The biological paradigm
Neuropsychology. Using scientific methods to understand the links between biology, ex the brain, and psychology and behaviour.
- Eysenck’s theory
The brain contains two sets of neural operations, an excitatory and an inhibitory. Different personality traits, ex introversion, extroversion, neuroticism, emotionality, psychopathy, involve different brain processes connected with ex the limbic system, the ARAS (ascending reticular activating system), the ANS (autonomic nervous system) and the SNS (sympathetic nervous system) etc.
- Gray’s theory
Reinforcement sensitivity theory, inspired by Eysenck, connects personality with two brain systems: the Behavioural Approach System (BAS) and the Behavioural Inhibition System (BIS). Focuses on motivation for approaching and avoiding.
- Cloninger’s theory
Linked and related 7 personality domains, 4 temperament domains (ex novelty-seeking and harm avoidance) and 3 character domains (ex self-directedness and cooperativeness) with neurotransmitters in the brain and learning through reward and punishment.
The trait paradigm
Approaches the personality question by separating the concept of personality into different components, ie traits, in order to compare individuals with one another.
- People: Allport, Eysenck (EPI), Cattell (16PF), Costa and McCrae (NEO-PI).
- Assumptions: Our thoughts, feelings and behaviours vary in a number of ways and these variations can be measured. When measured, they are normally distributed, having most people around the average and fewer at the extremes.
- It’s not a theory, it is a system for specifying the components of personality and measuring them. It does not provide explanations for how personality is developed.
- Factor analysis (and lexical analysis (ex NEO-PI)) has been used to identify underlying factors.
- The Big Five: Neuroticism, Extraversion, Openness, Conscientiousness, Agreeableness.
QUESTIONNAIRE-BASED PERSONALITY ASSESSMENT
Some advantages and limitations concerning personality assessment based on questionnaires:
- Self-report data: Depends on personal insight, which is variable.
- Distortion of responses: People may distort or ”fake” responses in order to obtain a desired result.
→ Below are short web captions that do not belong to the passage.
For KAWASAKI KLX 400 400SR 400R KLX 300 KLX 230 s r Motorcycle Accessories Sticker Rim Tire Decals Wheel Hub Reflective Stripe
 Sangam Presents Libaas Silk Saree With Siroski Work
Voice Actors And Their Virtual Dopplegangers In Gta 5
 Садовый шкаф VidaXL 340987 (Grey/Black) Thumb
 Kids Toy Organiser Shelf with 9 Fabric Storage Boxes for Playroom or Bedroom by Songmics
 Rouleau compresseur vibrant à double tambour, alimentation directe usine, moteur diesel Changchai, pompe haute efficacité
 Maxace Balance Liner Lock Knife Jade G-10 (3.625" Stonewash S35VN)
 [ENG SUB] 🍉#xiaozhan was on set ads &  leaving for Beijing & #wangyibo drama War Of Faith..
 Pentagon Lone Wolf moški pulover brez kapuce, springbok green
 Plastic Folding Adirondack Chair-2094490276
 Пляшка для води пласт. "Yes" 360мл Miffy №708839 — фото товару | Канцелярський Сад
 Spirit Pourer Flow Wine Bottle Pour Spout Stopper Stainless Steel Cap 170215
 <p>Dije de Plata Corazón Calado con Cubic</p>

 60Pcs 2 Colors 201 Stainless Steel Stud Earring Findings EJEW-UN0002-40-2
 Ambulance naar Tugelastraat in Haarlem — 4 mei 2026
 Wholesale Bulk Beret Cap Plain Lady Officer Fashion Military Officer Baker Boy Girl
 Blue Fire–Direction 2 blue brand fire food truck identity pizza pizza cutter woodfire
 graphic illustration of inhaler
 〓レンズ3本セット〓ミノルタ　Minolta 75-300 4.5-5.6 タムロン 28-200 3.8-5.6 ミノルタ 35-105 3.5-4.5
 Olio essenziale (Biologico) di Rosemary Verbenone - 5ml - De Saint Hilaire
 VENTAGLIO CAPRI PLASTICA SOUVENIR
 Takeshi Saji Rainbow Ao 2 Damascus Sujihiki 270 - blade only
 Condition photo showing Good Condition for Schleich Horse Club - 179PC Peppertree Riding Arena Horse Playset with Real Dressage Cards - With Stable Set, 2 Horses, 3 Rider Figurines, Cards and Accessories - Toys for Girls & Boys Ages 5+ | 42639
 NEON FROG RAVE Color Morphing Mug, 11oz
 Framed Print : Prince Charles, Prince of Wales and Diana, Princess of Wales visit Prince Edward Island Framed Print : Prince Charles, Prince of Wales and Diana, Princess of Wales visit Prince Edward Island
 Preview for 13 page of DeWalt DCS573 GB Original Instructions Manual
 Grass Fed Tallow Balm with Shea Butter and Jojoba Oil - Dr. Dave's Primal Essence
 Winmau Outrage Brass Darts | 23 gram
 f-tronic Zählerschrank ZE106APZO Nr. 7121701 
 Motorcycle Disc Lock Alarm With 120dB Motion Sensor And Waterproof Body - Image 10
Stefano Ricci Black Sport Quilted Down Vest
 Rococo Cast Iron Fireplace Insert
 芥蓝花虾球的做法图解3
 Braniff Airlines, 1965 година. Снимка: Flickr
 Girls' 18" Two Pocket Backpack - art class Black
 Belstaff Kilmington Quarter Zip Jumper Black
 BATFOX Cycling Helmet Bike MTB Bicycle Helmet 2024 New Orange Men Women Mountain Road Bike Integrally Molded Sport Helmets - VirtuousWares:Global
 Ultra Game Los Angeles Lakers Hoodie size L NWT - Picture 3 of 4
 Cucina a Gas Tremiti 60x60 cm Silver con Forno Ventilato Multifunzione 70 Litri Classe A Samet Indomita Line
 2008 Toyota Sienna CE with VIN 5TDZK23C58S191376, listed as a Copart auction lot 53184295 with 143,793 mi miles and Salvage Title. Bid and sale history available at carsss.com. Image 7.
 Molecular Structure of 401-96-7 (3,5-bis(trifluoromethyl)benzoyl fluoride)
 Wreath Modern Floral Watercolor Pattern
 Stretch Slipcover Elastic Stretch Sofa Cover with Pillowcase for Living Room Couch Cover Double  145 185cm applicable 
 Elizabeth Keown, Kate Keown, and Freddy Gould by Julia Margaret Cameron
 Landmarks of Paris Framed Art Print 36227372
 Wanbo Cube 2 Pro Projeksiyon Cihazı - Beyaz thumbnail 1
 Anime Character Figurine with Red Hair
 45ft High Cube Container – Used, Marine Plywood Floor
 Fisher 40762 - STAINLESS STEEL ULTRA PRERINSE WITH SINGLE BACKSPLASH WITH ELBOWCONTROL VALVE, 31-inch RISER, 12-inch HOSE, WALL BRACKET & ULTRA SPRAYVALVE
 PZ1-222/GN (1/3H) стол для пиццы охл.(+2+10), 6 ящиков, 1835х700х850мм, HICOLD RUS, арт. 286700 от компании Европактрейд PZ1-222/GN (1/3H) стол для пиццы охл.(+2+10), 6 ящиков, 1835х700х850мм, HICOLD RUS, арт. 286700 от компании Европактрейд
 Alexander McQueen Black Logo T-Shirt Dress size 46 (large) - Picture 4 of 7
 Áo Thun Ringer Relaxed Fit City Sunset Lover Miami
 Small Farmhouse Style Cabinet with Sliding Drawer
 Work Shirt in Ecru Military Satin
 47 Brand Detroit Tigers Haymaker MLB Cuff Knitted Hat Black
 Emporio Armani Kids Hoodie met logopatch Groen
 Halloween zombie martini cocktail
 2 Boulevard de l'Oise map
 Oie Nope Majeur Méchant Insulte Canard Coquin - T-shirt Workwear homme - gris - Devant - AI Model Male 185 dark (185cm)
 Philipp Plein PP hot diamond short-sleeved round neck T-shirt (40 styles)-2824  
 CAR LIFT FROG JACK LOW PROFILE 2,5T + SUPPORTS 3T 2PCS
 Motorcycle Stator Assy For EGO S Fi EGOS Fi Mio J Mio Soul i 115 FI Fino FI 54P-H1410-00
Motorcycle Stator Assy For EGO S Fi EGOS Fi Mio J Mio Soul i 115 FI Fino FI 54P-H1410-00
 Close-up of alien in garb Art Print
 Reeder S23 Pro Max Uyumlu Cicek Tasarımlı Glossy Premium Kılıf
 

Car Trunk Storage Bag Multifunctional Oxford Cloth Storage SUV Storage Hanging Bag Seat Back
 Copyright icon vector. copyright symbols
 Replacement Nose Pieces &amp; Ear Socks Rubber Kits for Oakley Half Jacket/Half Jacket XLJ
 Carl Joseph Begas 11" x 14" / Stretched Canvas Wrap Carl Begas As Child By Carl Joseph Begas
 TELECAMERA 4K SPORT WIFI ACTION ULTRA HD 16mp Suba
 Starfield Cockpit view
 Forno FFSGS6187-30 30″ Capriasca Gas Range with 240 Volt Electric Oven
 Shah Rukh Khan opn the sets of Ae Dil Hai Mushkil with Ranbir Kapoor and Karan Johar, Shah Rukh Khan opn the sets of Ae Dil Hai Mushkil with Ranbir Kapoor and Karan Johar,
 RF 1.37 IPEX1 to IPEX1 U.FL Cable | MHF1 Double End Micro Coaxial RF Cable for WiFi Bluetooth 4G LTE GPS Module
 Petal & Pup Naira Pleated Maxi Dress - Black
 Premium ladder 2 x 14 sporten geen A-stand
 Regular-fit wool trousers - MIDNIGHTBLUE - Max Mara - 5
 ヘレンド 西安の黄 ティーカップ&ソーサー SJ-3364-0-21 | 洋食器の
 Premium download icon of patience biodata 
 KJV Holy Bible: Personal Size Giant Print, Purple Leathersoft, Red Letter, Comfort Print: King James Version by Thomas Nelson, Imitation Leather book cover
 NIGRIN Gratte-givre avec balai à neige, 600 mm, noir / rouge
This can be reduced by standardised administration procedures offering feedback, confidentiality and measurement of a person’s test taking style.
- Random responding: Ex when respondents have little motivation for completing a questionnaire. Can be identified by including an infrequency scale (questions that have only one correct answer, and which is usually not noticed if the responder does not read the items carefully).
- Central tendency: A name given to people who consistently choose the middle option. People might be defensive, not wanting to reveal much information about themselves.
- Measurement error
- Correlational approaches to validation: When constructing a correlation matrix, correlations can occur purely by chance depending on sample size. In the case of statistical tests the probability of a significant correlation occuring by chance is less than 5 % or 1 in 20, which means that if a matrix of 20 correlations is constructed using random numbers, one of them has a high probability of being significant purely by chance. (If a matrix has 100 correlations, 5 of them can be accounted for by chance!)